10月号
連載コラム 「続・第二のプレイボール」|Vol.4
釣り好きのマスターと慕われる元プロ野球選手・大原和男さん
文・写真/岡力<コラムニスト>
創業34年になる一軒の焼鳥屋、カウンター越しで威勢よく料理を提供する大原和男さんは阪神タイガースに在籍した元プロ野球選手である。
神戸市垂水区出身、幼少期は三角ベース程度だったが中学に進学すると本格的に野球を始める。当時、大阪市内の公立に通っていたが兄の助言もあり名門・浪商中学校へ転校。特にプロを意識せず野球漬けの毎日をおくる。転機が訪れたのは高校3年の時。阪神のスカウトから声がかかり育成選手として練習に参加。翌年の1966年に行われたドラフト会議で10位指名を受け正式に入団した。ちなみに1位指名は、江夏豊だった。オールラウンドプレーヤーだった大原さん。早々に捕手としてブルペンに座りジーン・バッキ―や村山実といった大投手の球を受けた。1969年からの3年間は、一軍の試合に出場。しかしシーズンオフに大洋ホエールズからトレード話が浮上。同時期に父親が他界した事もあり関西を離れる事ができずユニホームを脱いだ。

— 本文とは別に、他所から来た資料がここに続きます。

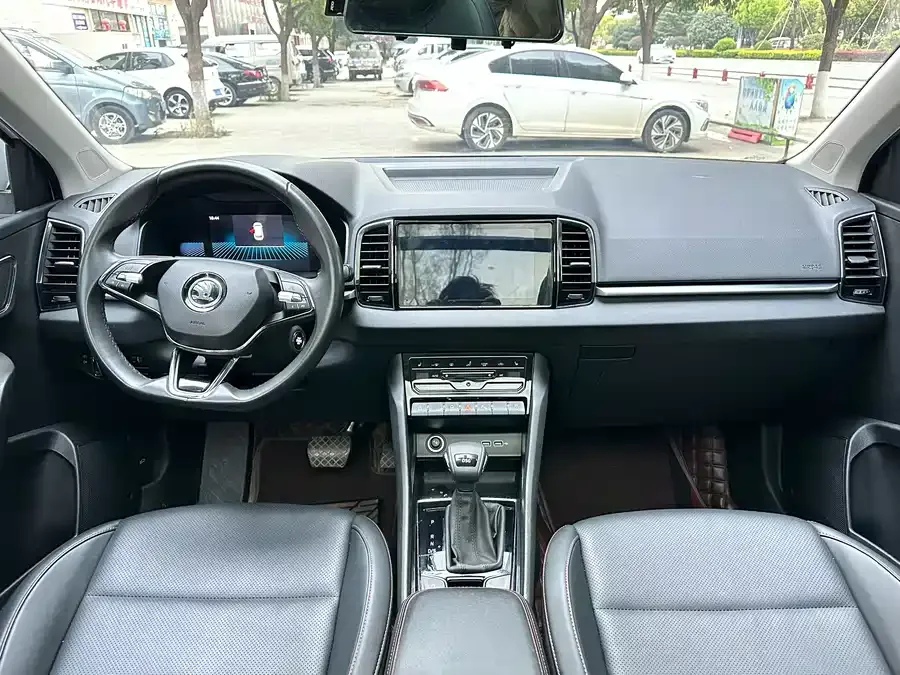 Skoda Karoq Korok 2023 TSI280 Luxury Edition 2023 — миниатюра 2
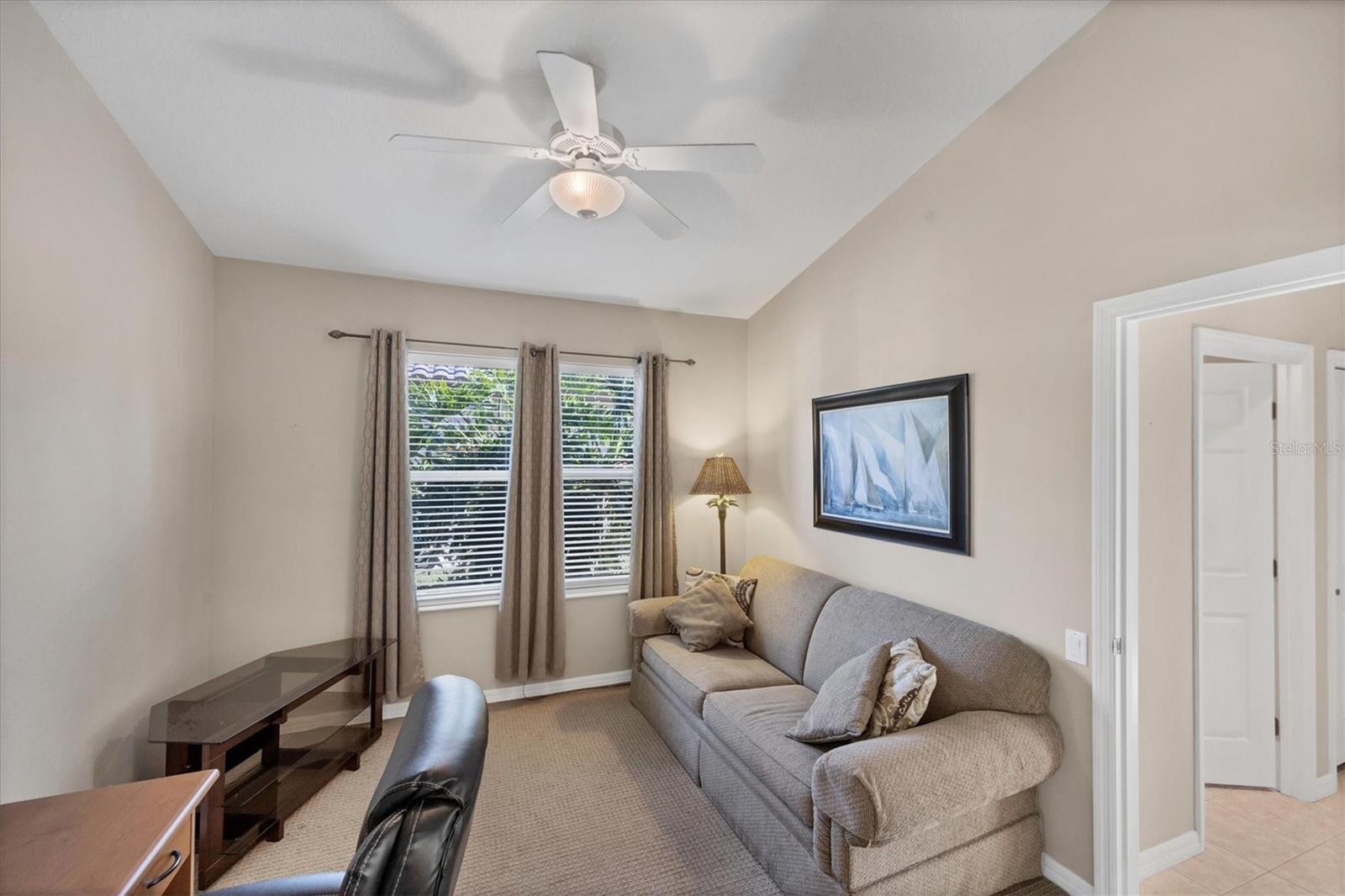 Image 40 of 90 For 407 Pinewood Lake Drive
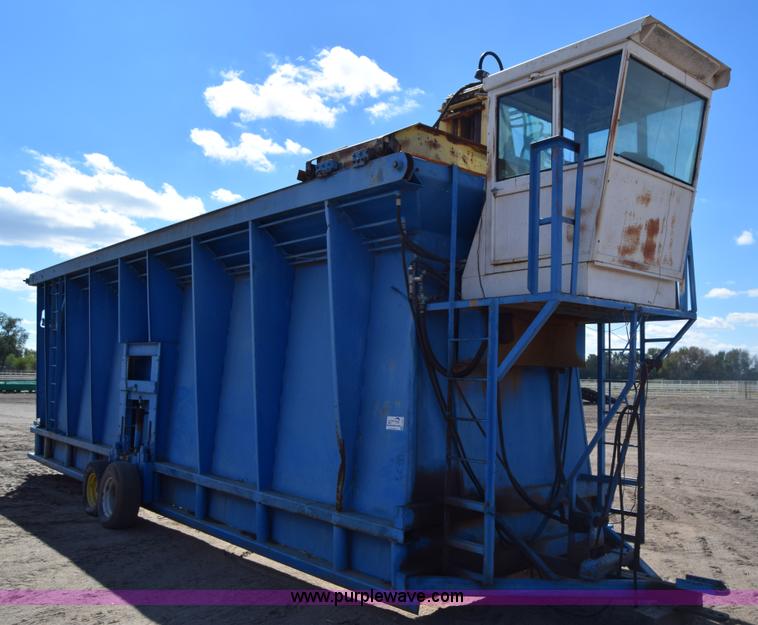 image for item J7818 John Blue M-1532 cotton module builder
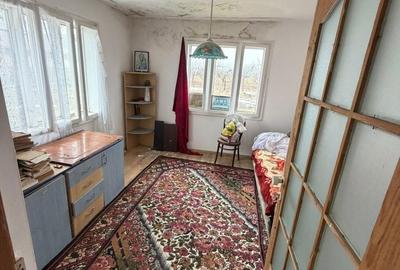 Casă cu 4 camere cu Teren 1000 Mp în Sascut - 1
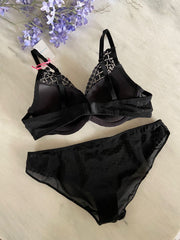 Padded Lace Set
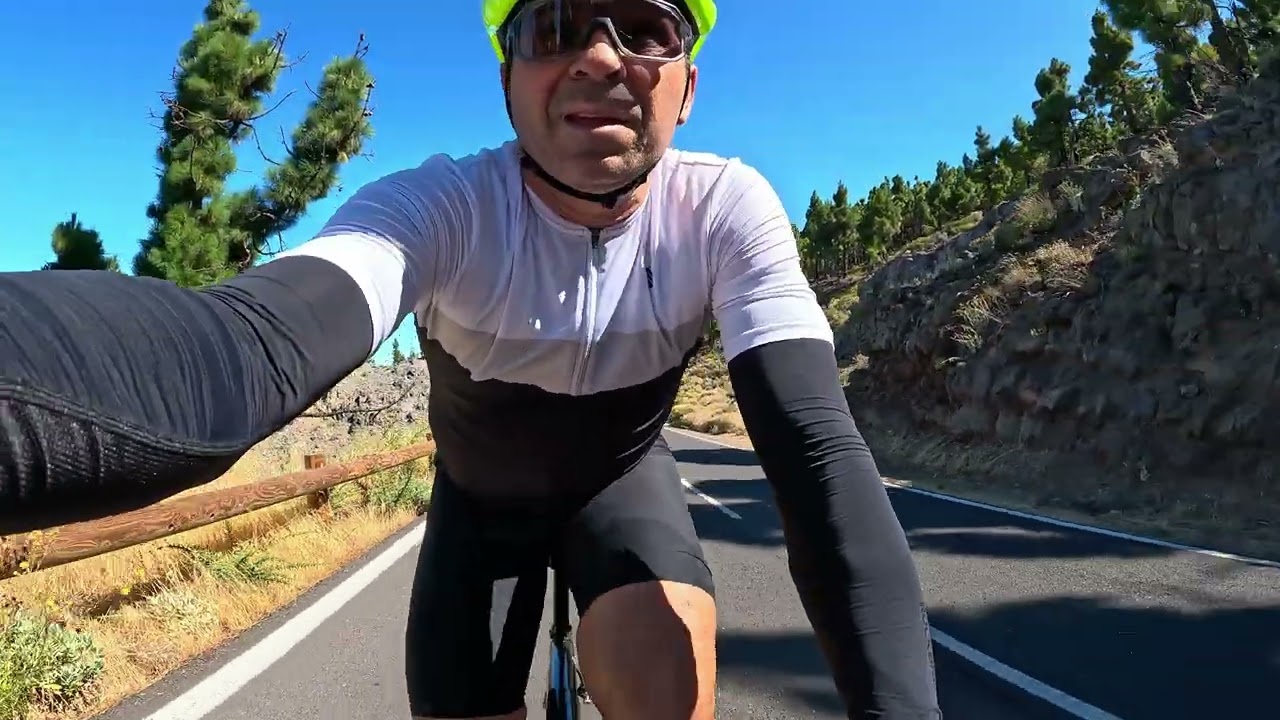 Ciclismo Tenerife GoPro Hero 11 2000 metros de desnivel acumulado.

再就職先が見つからず路頭に迷う日々。そんな時、意外な人物が手を差し伸べた。「村山実さんが料理好きだった私をホテル阪神に紹介してくれました。それがきっかけでフランス料理のシェフとして第二の人生がスタートしました。ただ、独立の際はコストや手間を考えて焼鳥にしました(笑)」。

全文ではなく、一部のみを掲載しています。